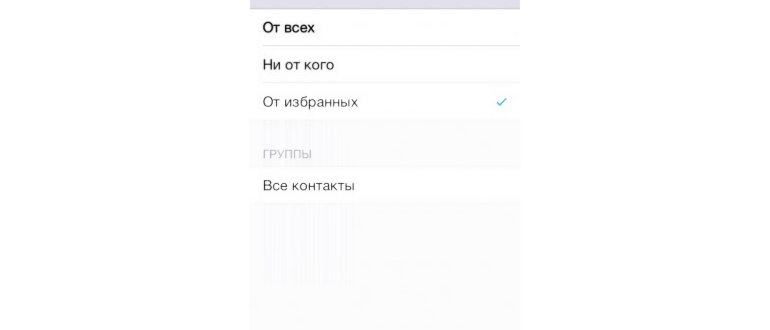 режимом,настройках,настройки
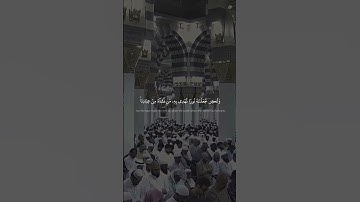 تلاوة مباركة من سورة الشورى للشيخ #أحمد_بن_طالب
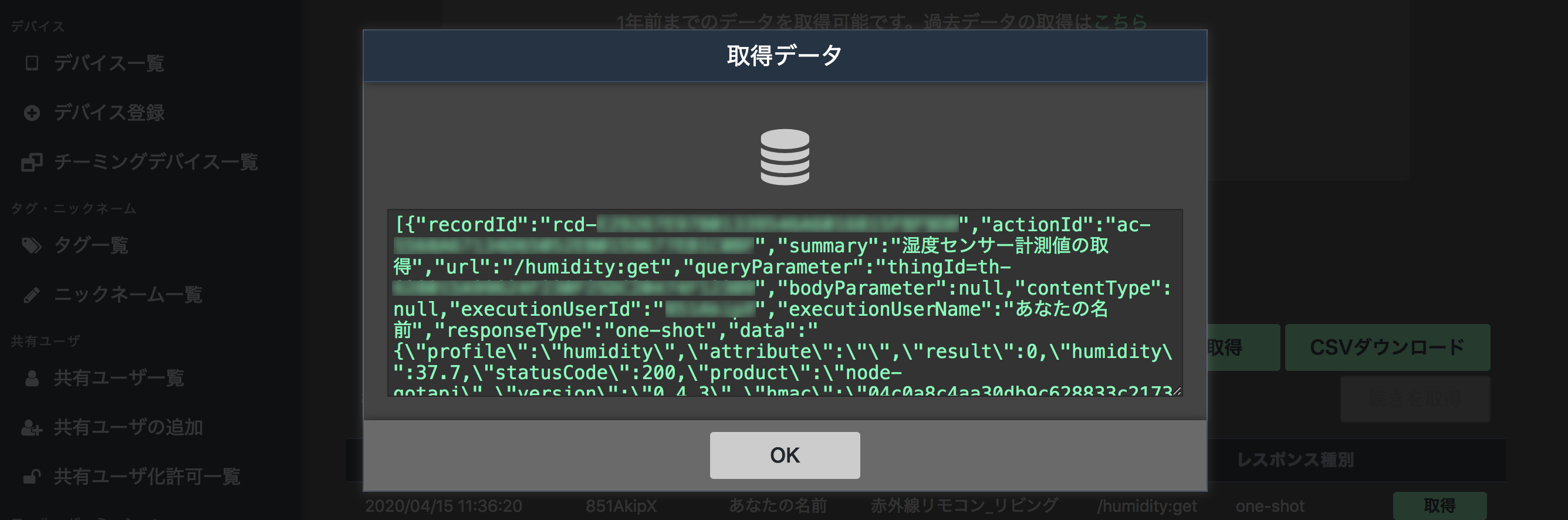図:取得データ画面
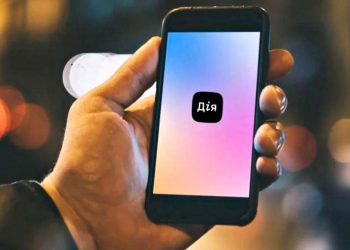 Держдодаток "Дія".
= = = =
[Problem] The answer must repeat every line of the listing exactly and leave the pictures out.

[Solution for this problem]
 режимом,настройках,настройки
 تلاوة مباركة من سورة الشورى للشيخ #أحمد_بن_طالب
図:取得データ画面
 Держдодаток "Дія".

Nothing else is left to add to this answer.